19 maja w jednym z mieszkań w bloku przy ulicy Wyzwolenia w Strzelcach Krajeńskich odnaleziono zwłoki małżeństwa. Wstępne wyniki autopsji wykazały, że 84-latek zmarł w wyniku niewydolności krążeniowo-oddechowej. Taką samą przyczynę wskazano u partnerki mężczyzny, jednak sekcja zwłok wykazała, że zmarła ona 4-5 dni później, dlatego śledczy nie wykluczają, że przyczyną śmierci kobiety mógł być głód. O całej sprawie pisaliśmy tutaj.
Wczoraj, 29 maja, odbyły się uroczystości pogrzebowe małżeństwa.
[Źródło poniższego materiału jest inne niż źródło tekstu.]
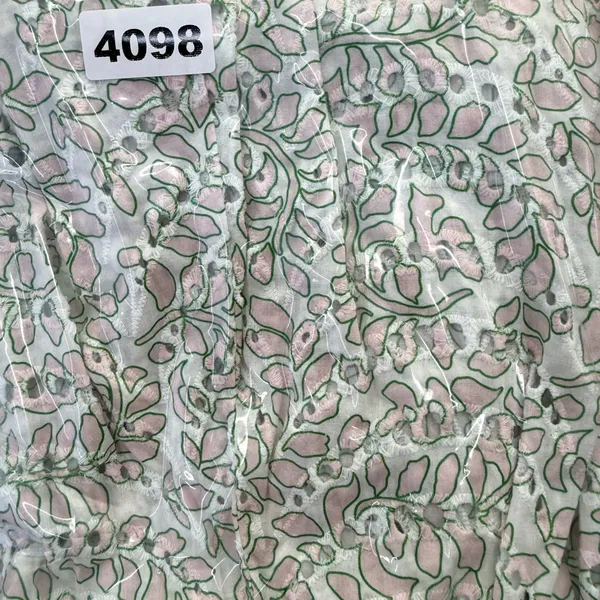 MISA pink and green‎ eyelet mini dress size xs - Image 6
Mieszkańcy Strzelec Krajeńskich mówią o niebywałej tragedii jaka spotkała ich miasto i zarzucają pracownikom MGOPS, że nie zapobiegli śmierci dwóch osób, mimo że interweniowali w tej sprawie. Jak podkreślają, byli to bardzo dobrzy ludzie.
W piątek burmistrz Strzelec Krajeńskich spotkał się z Marianem Ambrożukiem – Dyrektorem MGOPS, który przedstawił raport z 19 maja, kiedy to sąsiedzi 80-latków pierwszy raz zawiadomili ośrodek opieki społecznej o trudnej sytuacji w mieszkaniu „za ścianą”.
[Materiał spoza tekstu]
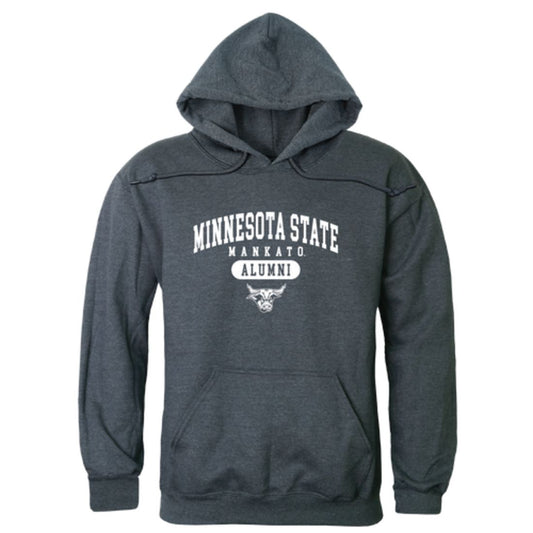 MNSU Minnesota State University Mankato Mavericks Alumni Fleece Hoodie Sweatshirts Heather Charcoal-Campus-Wardrobe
Jeśli się popełni błąd, to trzeba ponieść za to karę.
Mówił M. Feder w rozmowie z dziennikarzami Polsat News
Konsekwencją zaistniałych wydarzeń było udzielenie M. Ambrożukowi nagany oraz zwolnienie pracownika socjalnego, który zajmował się sprawą małżeństwa i uznał, że sytuacja nie jest nagła. MGOPS zamierza wprowadzić specjalny system cyklicznych wizyt u osób starszych, które wcześniej nie chciały pomocy, aby takie sytuacje nie zdarzały się już w przyszłości.
Mateusz Feder, burmistrz Strzelec Krajeńskich, zapowiedział, że wystosuje pismo do rządu z postulatem zmiany prawa, aby zapobiegać takim sytuacjom w całej Polsce. Sprawą zajmuje się na razie Prokuratura Rejonowa w Strzelcach Krajeńskich, która prowadzi śledztwo w sprawie narażenia na utratę życia oraz nieudzielenia pomocy.